Ve lo avevo detto. Ero stato onesto già nell’articolo introduttivo del blog. Avevo avvertito il lettore (colgo l’occasione per ringraziarvi: siete molti e molto affezionati, non lo avevo previsto. Quindi grazie per l’attenzione che regalate ai miei scritti) che avrei privilegiato seguire il filo del ricordo rispetto a quello della geografia. Ed ecco, allora, che mi diviene impossibile tornare a casa, a Ulaanbaatar.
Devo deviare, non più a nord vanno i miei ricordi. A ovest stanno amici perduti e ricordi fatti di scaglie di zucchero grezzo a Kashgar e uva passa di Turpan.


Non posso non passare dallo Xinijiang, la Provincia Granda della Cina.
È un tornare, un nostos ben preciso pure questo.
Infatti, son partito dalla Provincia Granda, quella italica anch’essa posta ai “confini dell’impero”, esattamente 40 anni fa.
Lo Xinjiang non è Cina. È un pezzo della Persia dei Padishah che si è perduto nel tempo.


Nascosto dalle sabbie del Taklamakan e poi dimenticato.
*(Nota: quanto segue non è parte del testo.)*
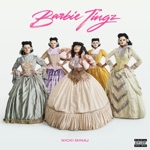 Barbie Tingz by Nicki Minaj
Islam puro, quello insegnato dai Profeti originali, assoluto, rigoroso e mistico come il minareto di Emin. Il più bello dei minareti, più bello di quelli costruiti dagli sceicchi che poggiano le loro babbucce sulle sabbie del Medioriente.


A dire il vero, son affezionato anche ad un altro minareto. Purtroppo si regge, oggi, stanco e graffiato a Massaua, Eritrea. Si dice abbia più di 1000 anni, in lui si legge chiara la fatica di aver visto i secoli rotolare via ai suoi piedi.
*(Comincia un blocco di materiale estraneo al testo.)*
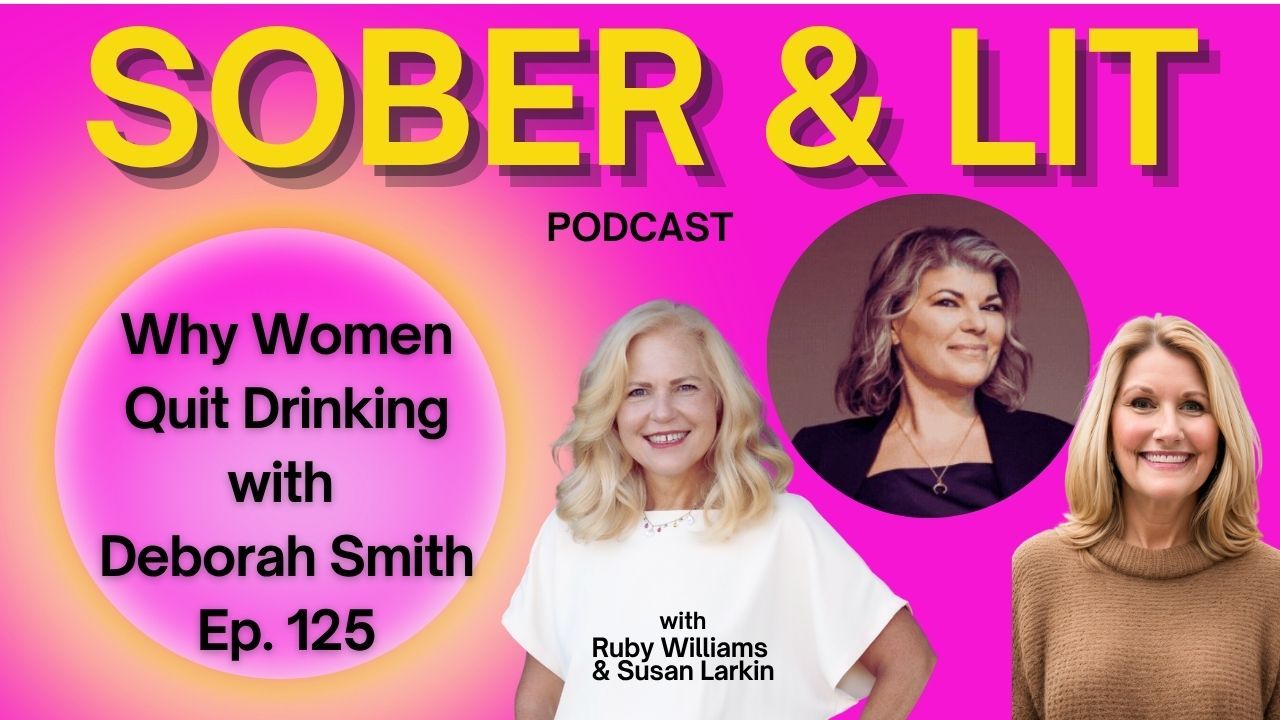 Coach Ruby Williams with Coach Susan Larkin interview Deborah C. Smith and why she quit drinking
Poggia sulla umile sabbia, vicino alla carcassa dell’edificio della Banca d’Italia, biancastra e scorticata dai colpi di mitraglia e cannone dal ‘93 .


Di fronte, affiancati e gemelli, due rimorchiatori di un giallo esagerato, dono di non si sa qual emiro saudita al governo eritreo. Immobili nel porto di Massaua attendono inconsapevoli che la salsedine aspra del Mar Rosso li corrompa. Lentamente, abbandonati a una dolcezza indolente e senza tempo, ci si lascia vivere e un poco morire a Massaua. Ho amato il soffocante abbraccio salmastro di questa città fantasma, ho amato il suo minareto, i saraghi e gli scorfani del mar Rosso cotti in forni simili a quelli dei fornai di Kashgar.